A new theatrical production goes in-depth on Toronto's taxi industry.
In the opening sentence of the program for Fare Game: Life in Toronto’s Taxis, the show’s creators write, “When we started this piece, we didn’t know what our story was.” After more than two years of extensive research, interviews, and getting to know the men (and a few women) involved in Toronto’s taxicab industry, the three collaborators—Marjorie Chan, Ruth Madoc-Jones, and Alex Williams, together as the Toronto Taxi Collective—have developed an excellent grasp of the myriad problems plaguing Toronto’s dysfunctional taxi licensing system. What they haven’t got yet is a justification for presenting all that in-depth research in the form of a theatrical performance.

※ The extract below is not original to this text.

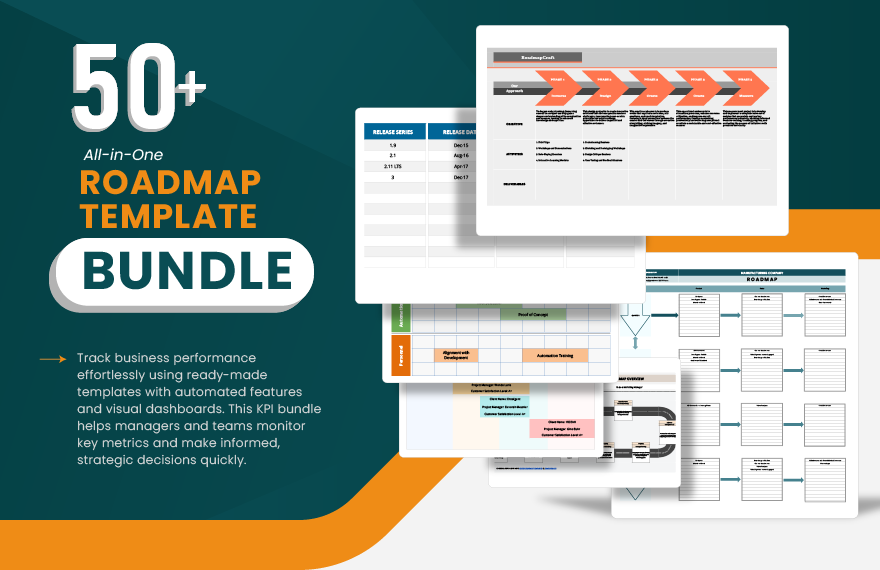 50+ All-in-One Roadmap Template Bundle in Excel, Google Sheets to Download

To be sure, Toronto’s taxi drivers have plenty of stories to tell. For news buffs and City Hall watchers, the issues with the City’s two tiers of licenses—”standard” plates that can be sold on the free market and rented out to any qualified driver, and “ambassador” plates that can only be used by the owner and operator of a cab—are already familiar. The “ambassadors” are at a severe disadvantage, unable to profit from their plates except by driving long shifts in their cabs themselves. Meanwhile, a longstanding moratorium on new “standard” plates has meant that those licenses, now fetching exorbitant prices on the open market, have in some cases ended up in the hands of shady operators who have used them to take advantage of vulnerable drivers. The glacial pace of industry reform has drivers frustrated and overworked, and everyone seems to have a different opinion as to how to fix things.

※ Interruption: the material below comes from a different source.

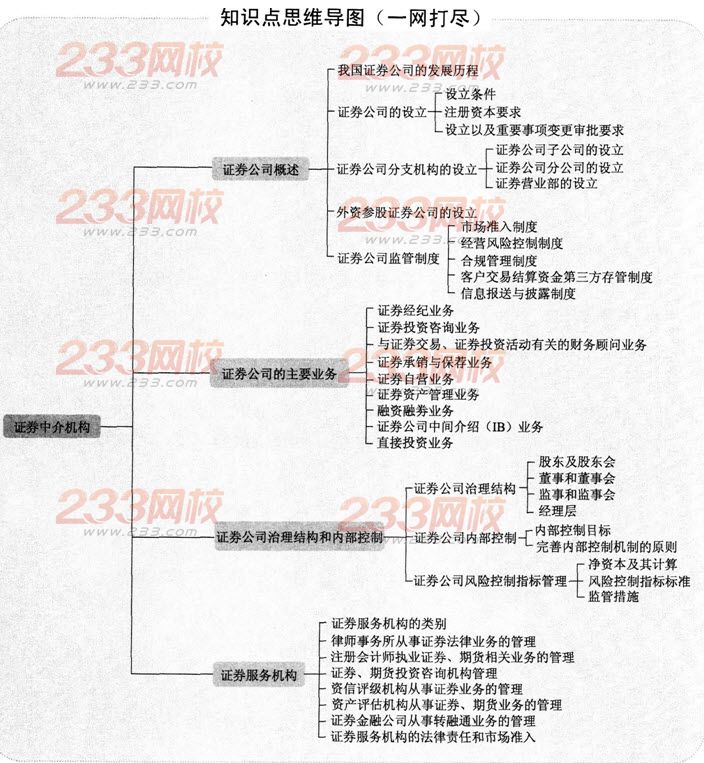 证券基础知识思维导图第七章：证券中介机构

By far the most powerful testimony in Fare Game comes in the form of projected video interviews with drivers and industry experts. At the performance we attended, several out-of-town attendees, unfamiliar with the City’s sorry system for taxi regulation, remarked upon how moving those clips were. Less effective were the monologues performed by the trio themselves. The show rightly notes that race and culture are significant factors in the industry, with the “ambassador” plates mostly held by drivers who belong to visible minorities. But the actors seemed reluctant to deliver monologues—many presumably culled from interviews with drivers uncomfortable going on camera—in accents or with other identifiable character traits, and so discernible characters didn’t really emerge. Also, it was often awkward when the three spoke about their personal experiences meeting drivers and people with stakes in the taxi industry. The relevance of how the show’s creators feel about the issues pales in comparison to testimony from people with decades of personal experience. (Fictional characters might have given the three more leeway.)
Ultimately, while Fare Game manages to present an abundance of relevant and interesting information, the hodgepodge of performance styles doesn’t gel into a particularly entertaining or affecting show. A full documentary on the subject would be welcome, but the stage show isn’t effective.
The Toronto Taxi Collective has done justice to its subjects, who clearly deserve better working conditions—but audience members are left feeling like they’ve been taken for a bit of a ride, even if they learned new things about their city along the way.